Thursday, July 14, 2011

Quote of the Day (Stella Rimington, on a Past British Intelligence Briefing)

“Well, prime minister, we know that the IRA is about to bring in a large lorry bomb. We don’t know when it’s coming in; we don’t know which port it’s coming in at; and we don’t know what the target is. But, prime minister, I thought you should know.”—Stella Rimington, former director general of the British intelligence agency MI5, on a briefing with John Major on a terrorist threat, quoted in Nick Glunt, “Rimington: U.K. Espionage Has Evolved as Times Changed,” Chautauquan Daily, July 14, 2011

The anecdote above produced many chuckles in the audience at Stella Rimington’s lecture yesterday morning at the Amphitheater at the Chautauqua Institution in upstate New York, but her point was deadly serious: the large gaps of information available to decision-makers around the world as they attempt to preserve the lives of their citizens.

People with a political axe to grind of whatever ideology might think that Presidents ought to know precisely when or where an attack will take place, but more often than not the precise time and place are going to be unknown.

In addition, there is the matter of how and when to charge a terrorist suspect. Governments in the West, particularly in the United States and Rimington’s U.K., need more than enough information to make an indictment stick. Without that, the suspect can go free. Attempts to lengthen suspects’ detention periods to provide further time for building cases run into civil-liberties challenges.

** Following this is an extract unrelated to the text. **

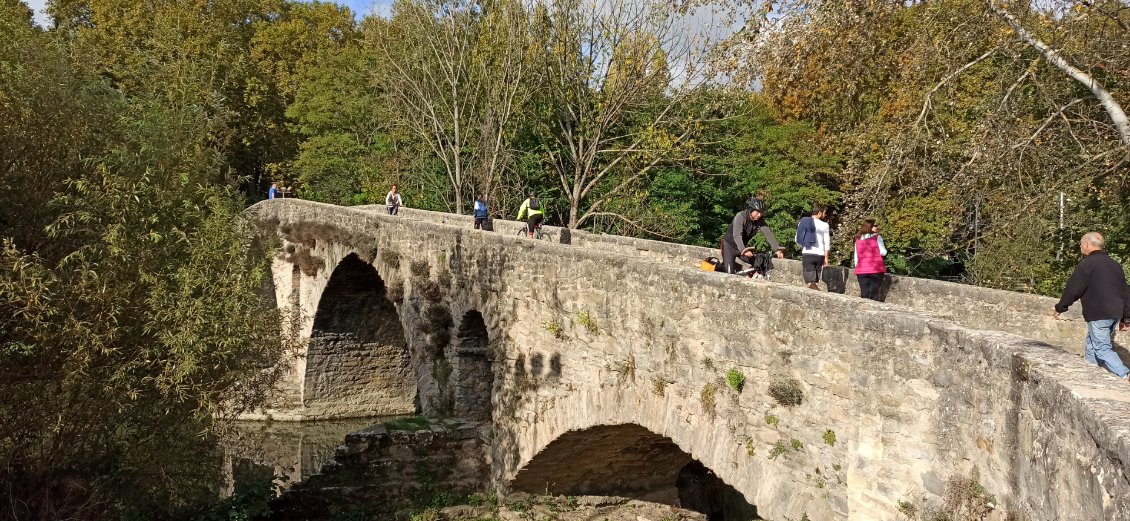 J2. Superbe pont médiéval Puente de la Magdalena à l'entrée de Pampelune. Mais où est donc Pégase au milieu de tout ce monde ?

On the other hand, waiting until every “I” is dotted and every “t” crossed in an indictment can lead to massive loss of life.

John Major’s response to Rimington’s maddeningly imprecise briefing? A sigh, followed by “Stella, do your best.” Pretty admirable stoicism, if you ask me.

I’m not a fan of Britain’s former P.M., but this time I sympathized with his frustration, just as I do with his past and present counterparts, no matter what their party, in his country as well as in the U.S., as they deal with thousands of similar maddeningly imprecise reports of threats. It's enough to make you wonder why on earth they would ever want their jobs.